Kontakion – Tono pl. IV (Tono VIII)
Sia lodato Iddio nei prati e nei campi, * sulle verdi vette dei monti e nelle valli sottostanti, * nei fiumi impetuosi e nelle caverne oscure, * poiché ogni luogo è stato asperso del sangue santo e innocente di molti martiri serbi: * degni ministri, soldati coraggiosi, ragazzi e bambini e caste vergini; * Dio sia lodato e tutti mantengano il silenzio, * poiché il Signore di tutti regna sul mondo.
Il Tropario e il Kontakion sono stati composti da San Nicola (Velimirovic)
Pubblicato originariamente in: http://digilander.libero.it/ortodossia/Martiri.htm
[1] Dal secondo volume del Paterikon Serbo, di Padre Daniel Rogic, in corso di pubblicazione.
* N.B. Tradizione Cristiana: “Macedonia”: molti usano questo termine per intendere la parte slava della Macedonia del nord.

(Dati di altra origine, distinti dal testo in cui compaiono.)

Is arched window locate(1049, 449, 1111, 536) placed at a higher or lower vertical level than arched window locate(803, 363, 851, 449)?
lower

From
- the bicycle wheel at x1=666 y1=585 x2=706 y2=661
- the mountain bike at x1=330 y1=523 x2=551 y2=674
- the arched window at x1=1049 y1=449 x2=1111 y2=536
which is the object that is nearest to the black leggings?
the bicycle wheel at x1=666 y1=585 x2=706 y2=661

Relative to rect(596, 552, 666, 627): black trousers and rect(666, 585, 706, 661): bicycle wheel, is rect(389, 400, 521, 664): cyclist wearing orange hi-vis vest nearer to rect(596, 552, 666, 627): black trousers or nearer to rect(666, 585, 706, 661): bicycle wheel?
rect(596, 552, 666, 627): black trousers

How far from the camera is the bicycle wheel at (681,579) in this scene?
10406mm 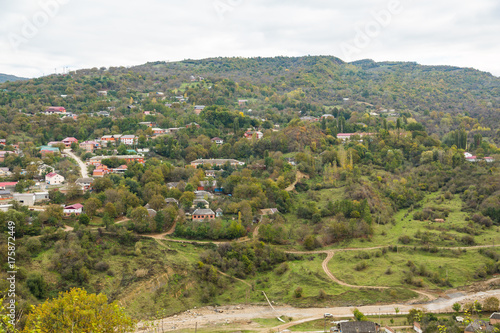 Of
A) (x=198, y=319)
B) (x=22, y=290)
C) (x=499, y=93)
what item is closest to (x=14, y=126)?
(x=22, y=290)

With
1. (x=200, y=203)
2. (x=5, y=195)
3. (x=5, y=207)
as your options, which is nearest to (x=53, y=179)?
(x=5, y=195)

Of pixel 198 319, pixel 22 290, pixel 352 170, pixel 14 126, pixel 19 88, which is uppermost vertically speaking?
pixel 19 88

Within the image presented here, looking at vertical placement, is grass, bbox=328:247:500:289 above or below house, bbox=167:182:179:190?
below

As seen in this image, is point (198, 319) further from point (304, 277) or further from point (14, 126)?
point (14, 126)

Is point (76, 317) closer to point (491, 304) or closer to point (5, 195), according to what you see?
point (491, 304)

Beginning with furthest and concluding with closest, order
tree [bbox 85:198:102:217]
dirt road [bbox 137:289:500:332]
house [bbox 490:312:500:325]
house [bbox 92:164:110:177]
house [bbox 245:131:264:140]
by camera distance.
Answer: house [bbox 245:131:264:140] → house [bbox 92:164:110:177] → tree [bbox 85:198:102:217] → dirt road [bbox 137:289:500:332] → house [bbox 490:312:500:325]

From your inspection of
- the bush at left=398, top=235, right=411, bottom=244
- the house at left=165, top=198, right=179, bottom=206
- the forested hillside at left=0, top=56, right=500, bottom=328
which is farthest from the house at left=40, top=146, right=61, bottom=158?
the bush at left=398, top=235, right=411, bottom=244

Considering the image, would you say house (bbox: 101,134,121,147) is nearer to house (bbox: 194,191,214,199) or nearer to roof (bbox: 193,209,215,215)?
house (bbox: 194,191,214,199)

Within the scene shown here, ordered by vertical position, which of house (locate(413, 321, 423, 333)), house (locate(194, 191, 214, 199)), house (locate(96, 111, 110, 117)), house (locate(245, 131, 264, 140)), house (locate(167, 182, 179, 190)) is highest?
house (locate(96, 111, 110, 117))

Tuttavia, quanti aderiscono alla correttezza storica del termine preferiscono chiamarla F.Y.R.O.M.: Former Iugoslav Republic of Macedonia, cioè Ex Repubblica Iugoslava di Macedonia.
[2] Il concordato era un tentativo del governo eccessivamente conciliatorio di firmare un accordo con il Vaticano che avrebbe dato alla Chiesa romana una posizione privilegiata in Yugoslavia. Fu alla fine vanificato nel 1937, in gran parte grazie all’eroica testimonianza del Patriarca Barnaba, che morì nel momento culminante della controversia, e nell’opinione di molti fu avvelenato.
[3] Forze armate croate, formate dai nazisti di Hitler per punire i serbi per avergli resistito. Per la maggior parte di fede cattolica romana, ma anche musulmani, commisero atrocità tanto orribili contro i serbi ortodossi che perfino i nazisti ne rimasero disgustati.
[4] Nel 1998 il Sinodo dei Vescovi della Chiesa Ortodossa Serba ha glorificato diversi dei nuovi martiri qui menzionati.